Astronomers to scan entire sky for alien life

The project was first announced last Friday in Seattle during the American Association for the Advancement of Science (AAAS) conference.

Bright nebula gas cloud in deep outer space (photo credit: INGIMAGE)
Bright nebula gas cloud in deep outer space
(photo credit: INGIMAGE)
The truth of life in outer space may indeed be out there, but the hunt for extraterrestrials has just been taken to an unprecedented scale.
As part of a collaboration between the privately funded Seti Institute and the New Mexico observatory the Very Large Array (VLA), a group of astronomers will use 28 giant radio telescopes to scan every inch of the sky for signs of alien life, The Guardian reported.
The project was first announced last Friday in Seattle during the American Association for the Advancement of Science (AAAS) conference.
“The VLA is being used for an all-sky survey, and we kind of go along for the ride,” explained Andrew Siemion, director of the Berkeley Seti center. “It allows us to in parallel conduct a Seti survey.
While the VLA, which is one of the most powerful radio observatories on Earth, will continue normal operations, all data recorded will be duplicated and fed through a supercomputer, dedicated to sift through it and uncover any traces of distant life or technology.
Senior Apple executive John Giannandrea has co-funded the first phase of the project, installing new cables.
“Determining whether we are alone in the universe as technologically capable life is among the most compelling questions in science, and [our] telescopes can play a major role in answering it,” said Tony Beasley, director of the VLA's owners, The National Radio Astronomy Observatory.
Technology has steadily been reaching more and more to the stars in recent years, including the imminent advent of commercial space travel, as well as numerous government space agency efforts to explore space. As such, while mankind might seem to truly be alone in the universe, humanity is getting closer than ever to have any chance of finding out anything to the contrary.
However, some, like the late scientist Stephen Hawking, have questioned or outright discouraged making contact with extraterrestrial life.
Siemion, however, disagrees.
“Personally I think we absolutely should and I think without a doubt, we would,” he explained.
“Part of being human is wanting to reach out into the unknown and wanting to reach out and make connections.”

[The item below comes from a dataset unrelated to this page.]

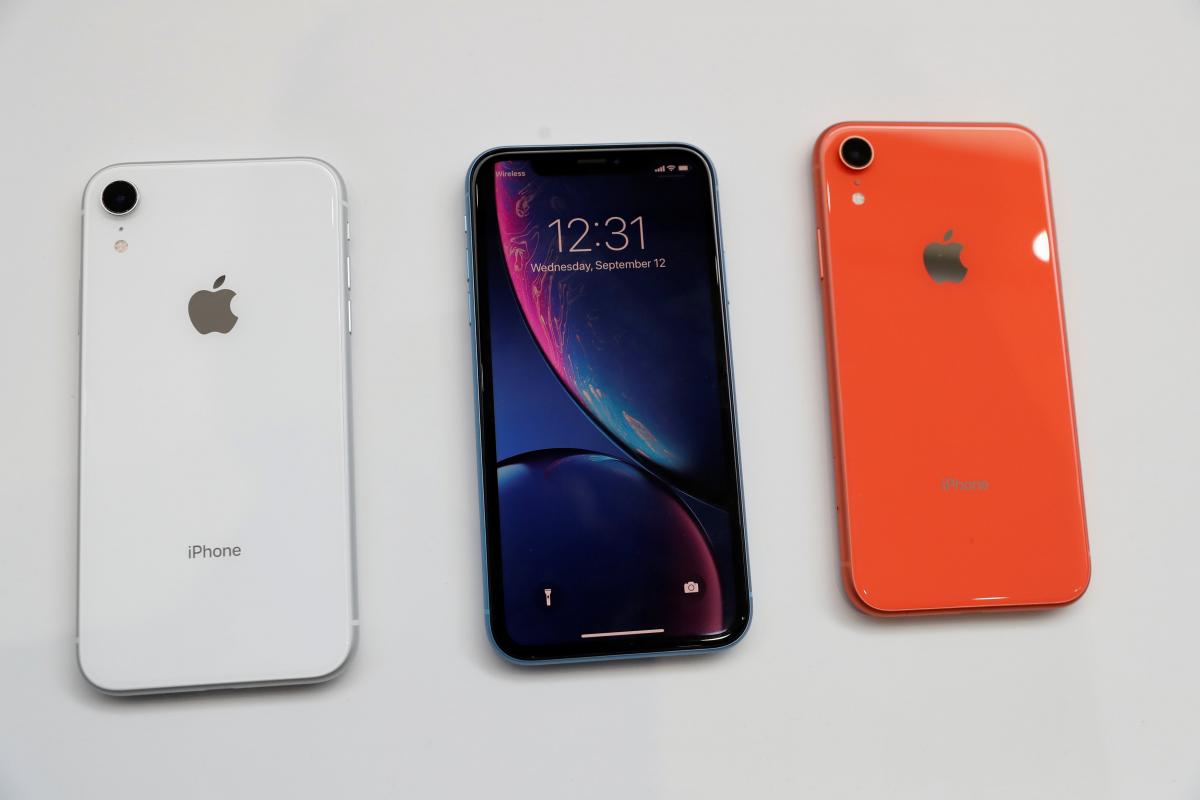 В Apple окремо вказали терміни появи смартфона iPhone Xr в Україні - це станеться 2 листопада 2018 року, всього на тиждень пізніше країн першої хвилі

But what would the first words be when making contact? Would it be, as some have suggested, "we come in peace?"
This is something Siemion has spent little time thinking about, saying: “I guess I would just say, ‘Hello.’”
Another plan brought up at the AAAS conference was an observation effort with the James Webb Space Telescope.
The plan, brought up by Victoria Meadows, head of NASA's Virtual Planetary laboratory at the University of Washington, is set to launch in 2021, and will observe three Earth-sized planets orbiting the star Trappist-1, which is considered by some scientists as being one of the most promising possibilities for an atmosphere capable of having liquid water exist on the planet's surface
“The James Webb Telescope will be able to tell us whether they have atmospheres like the Earth or Venus,” Meadows said. “It gives us our first real chance to search for gases given off by life on another planet.
“We’re basically going to get to study Earth’s cousins.”